Contrary to the previously mentioned studies where the choice of a metaphor translation strategy may be motivated by the nature/function of the metaphor (novel or conventional, for instance), Toury (1995:84) argues that the translation procedure adopted is justified by the norms prevailing in the target text rather than by the nature of metaphor in the source text in accordance with his framework of Descriptive Translation Studies (DTS):
[..] it seems reasonable to assume that the use of the metaphors in a target text is reduced, even so much as blocked on occasion, by certain target norms, and not by anything in the nature of the (source) metaphors, the texts they are incorporated in, or the discrepancy between the target and source languages [..] (Toury, 1995:84. Emphasis in the original)

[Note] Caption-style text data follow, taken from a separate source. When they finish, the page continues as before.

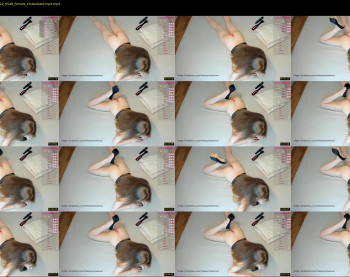 theanytimeshow — 4 minute Chaturbate female cam show recording, 1080p, Jun 28, 2022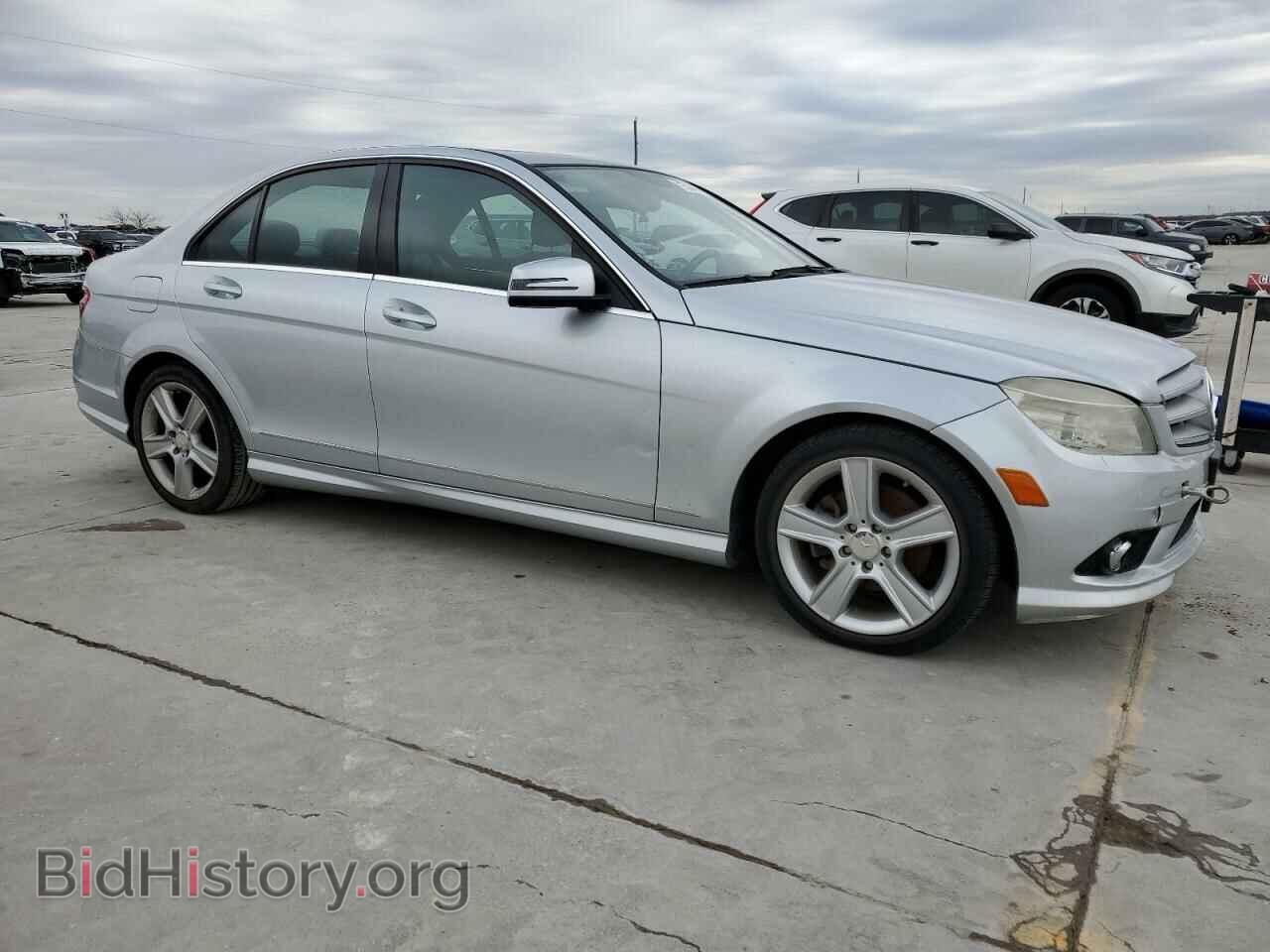 2010 MERCEDES-BENZ C-CLASS - VIN: WDDGF5EB4AR093855 - Фото 4
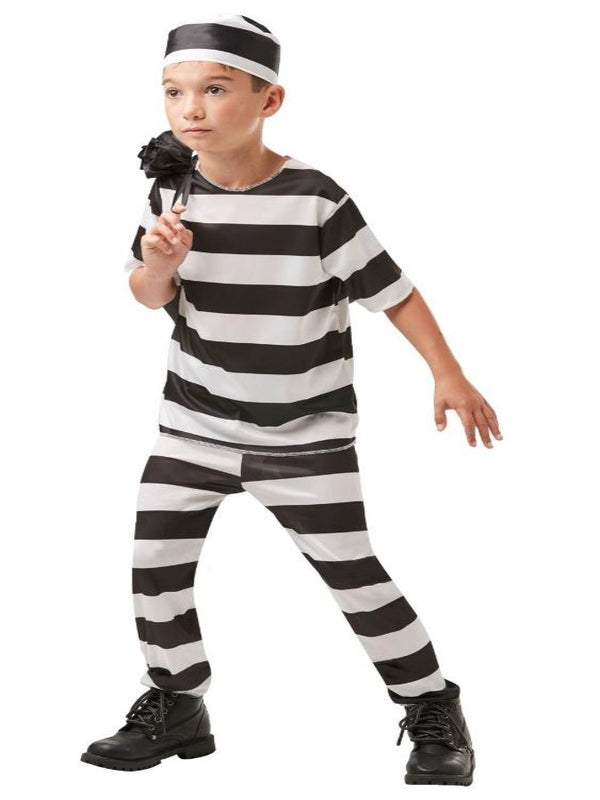 PRISONER BOY – KIDS COSTUME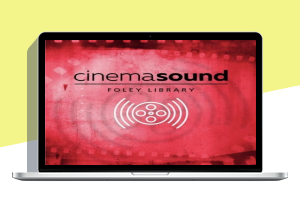 Impact Soundworks Cinema Sound Foley Library KONTAKT 电影音频合成器 资源体积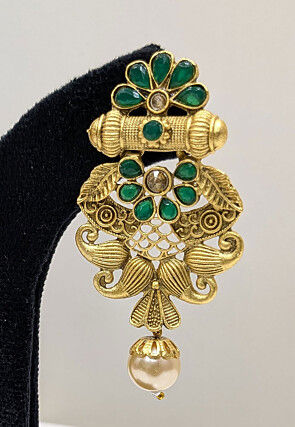 Stone Studded Earrings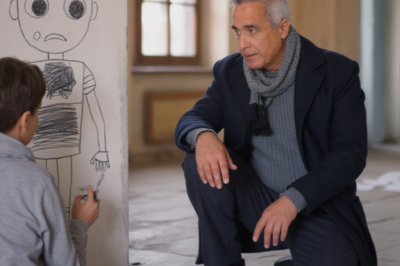 “Speranță V1” – Povestea unui perete care a început să simtă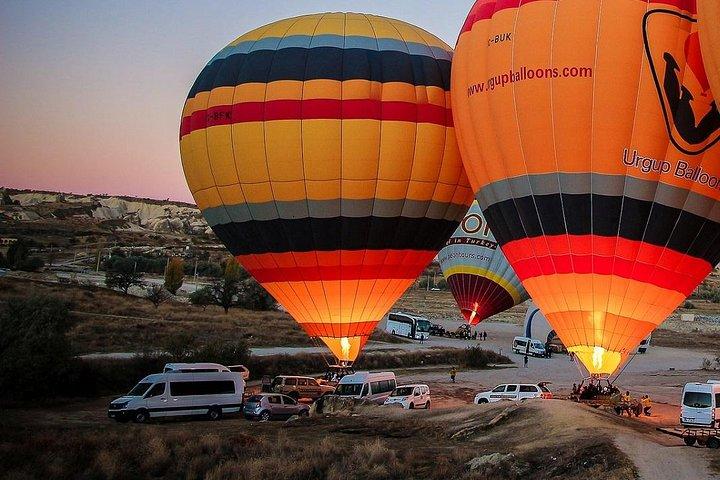 Best Seller del tour privato della Cappadocia di 1, 2 o 3 giorni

Toury (ibid.) adds a new dimension to metaphor translation studies which is the study of metaphor from both perspectives: a source-text oriented perspective and a target-text oriented perspective. This approach allows the identification of a new aspect of metaphor translation, which is the translation of non-metaphors into metaphors. However, it seems
44
to be hard to find a concrete way to distinguish between the cases where the addition is motivated and the cases where it is not motivated. The target-text oriented perspective will be important for the analysis of the Arabic subcorpus as will be seen later in Chapter 8.
4.1.3 Conclusion
The different studies reviewed in this section point out the complexity of the translation of metaphors. This complexity is due to the differences in languages and cultures. Newmark (1988) provides a detailed description of the cultural differences that make of metaphor translation a problematic issue and raises methodological issues related to metaphor delimitation and identification. In contrast to the studies by Dagut and Van Den Broeck studies, Newmark distinguishes between the conceptual and the linguistic levels of a metaphor. However, he then focuses only on the linguistic level of the metaphor. These translation approaches to metaphor are characterised by the following:
a. a failure to provide a clear definition of what metaphor is and a methodology for metaphor identification;
b. a failure to provide an explanation as to why metaphor is pervasive not only in literary discourse but also in pragmatic texts and everyday language;
c. the studies discussed here focus on isolated metaphorical expressions without seeking any relationship between the metaphors that are used within the same context or text or any correlation with other metaphors that may reveal their connection at a higher level, which is that of thought and cognition.
This last point is addressed by Stienstra (1993: 2016) who criticises translation scholars for restricting their attention to individual metaphors from the point of view of translatability and untranslatability or the barriers that may hinder the transfer of the metaphors into the target text, rather than showing awareness of the role of metaphorical concepts in texts. This question about the role of metaphorical concepts is at the heart of the conceptual approach to metaphors that has brought metaphor to a more central position in thought in addition to its role in language. The following section provides a review of the main cognitive models of metaphor translation. The definition of the key concepts of the conceptual approach to metaphors is returned to with some detail in Chapter 5.